Vaccinations are not just for kids. Adults need them too. According to the Centers for Disease Control and Prevention (CDC), “Adults aged 19 years or older should receive a booster dose of Tdap (tetanus, diphtheria, pertussis) vaccine if they did not receive it as an adolescent and if they have not previously received a dose of Tdap”, (Centers for Disease Control and Prevention). The CDC also recommends that adults aged 65 years or older should get the shingles vaccine.
Vaccinations are important because they help protect us from serious diseases. They also help protect those who cannot be vaccinated, such as infants and people with weakened immune systems. When more people are vaccinated, it helps create what is called “herd immunity”. Herd immunity is when a sufficient percentage of a population is vaccinated and the disease cannot spread easily from person to person because there are not enough people for it to infect, (Herd Immunity).

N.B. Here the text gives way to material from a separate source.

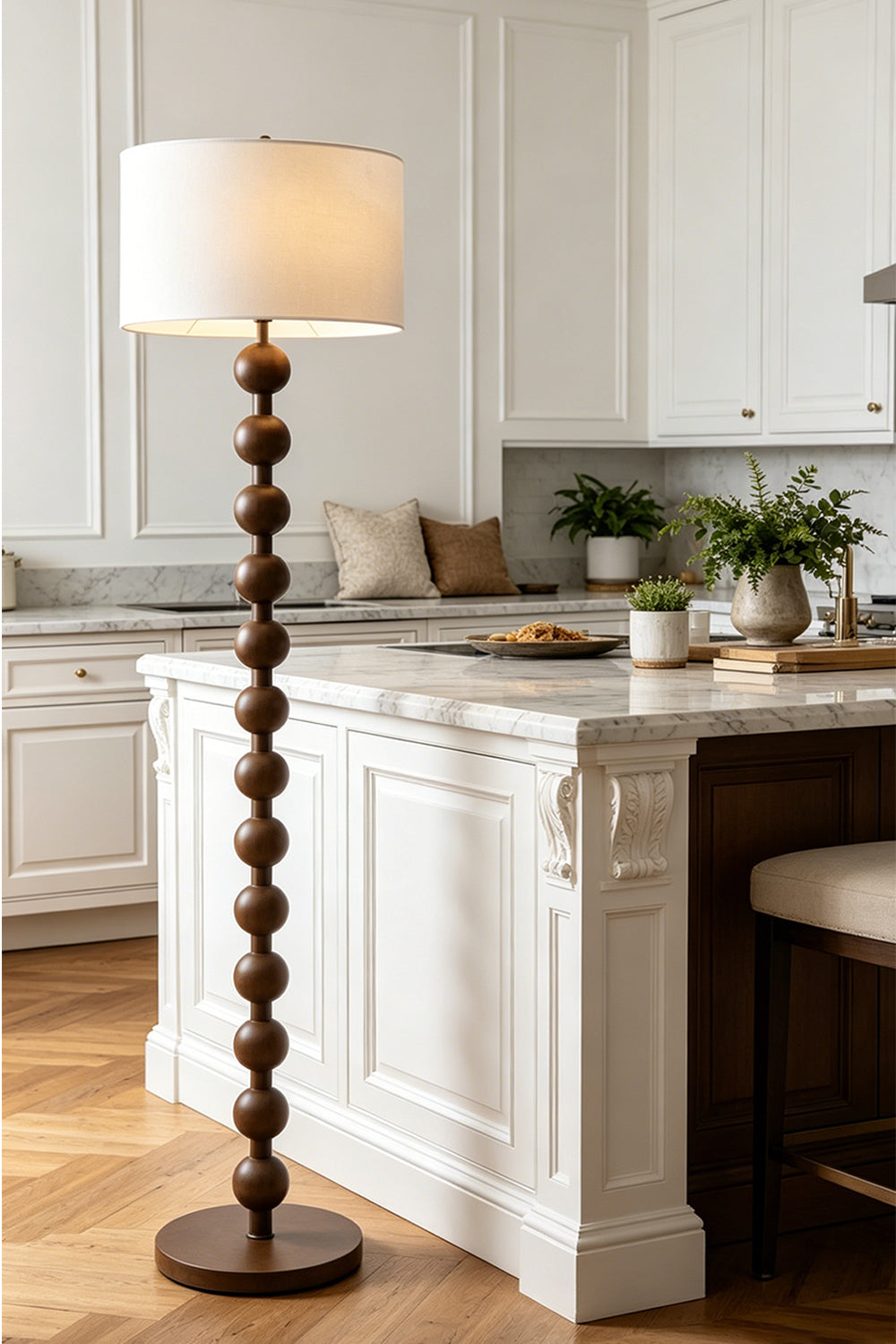 Marlow Stacked Wood Floor Lamp | Wood, Fabric | Standing gracefully in a bright classical kitchen space next to a white island counter with wooden bar stools | Samu Lamp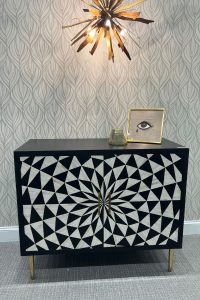 black and white accent chest with a triangle pattern in a circular form wth gold legs and hardware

The bottom line is that vaccinations are important. They help protect us from serious diseases and they help protect those who cannot be vaccinated. If you have any questions about vaccinations, talk to your doctor or healthcare provider.
If you do a search on the Internet for vaccinations, you will discover far more information about the dangers of vaccines than about their benefits. The antivaccination movement has posed a threat to public health not just in the United States, but also around the world. There is no question that vaccines are an effective instrument for both personal and societal health.
Vaccinations work by protecting people from diseases. Vaccines contain a “dead” or “modified” form of the virus, bacteria, or toxoid that causes the disease. As that person is exposed to the vaccine, their immune system recognizes the pathogen as something foreign. The immune system then produces antibodies to the vaccine, which remain in the body and provide immunity or protection against future infections with that particular disease.
The World Health Organization (WHO) recommends vaccinations for more than two-dozen diseases, including polio, measles, diphtheria, and pertussis (whooping cough).
Immunizations are not just for kids. Many adults need booster shots, or additional doses of vaccines, to stay protected. For example, the tetanus vaccine wears off over time and people need a booster shot every 10 years to maintain their immunity.
Vaccinations not only protect the person who is vaccinated, but also helps to create “herd immunity”. Herd immunity occurs when a critical portion of a population is immune to an infectious disease, making the spread of disease from person to person unlikely. Even people who are unable to be vaccinated (such as cancer patients and those with weakened immune systems) can benefit from herd immunity.
Herd immunity is important because there are always a few people who cannot be vaccinated due to medical reasons and because no vaccine is 100% effective. If enough people are vaccinated, the entire community is less likely to be affected by an outbreak.
Vaccinations have contributed to the control of many devastating infectious diseases, such as polio, smallpox, and measles. In the United States alone, vaccines prevent an estimated 42,000 deaths and 20 million hospitalizations each year.
A study published in The Journal of the American Medical Association found that childhood vaccinations will prevent more than 400 million illnesses and could save nearly $14 billion in direct costs over the course of a child’s lifetime.
The benefits of vaccinations far outweigh the risks, and everyone should be vaccinated to protect themselves, their families, and their communities.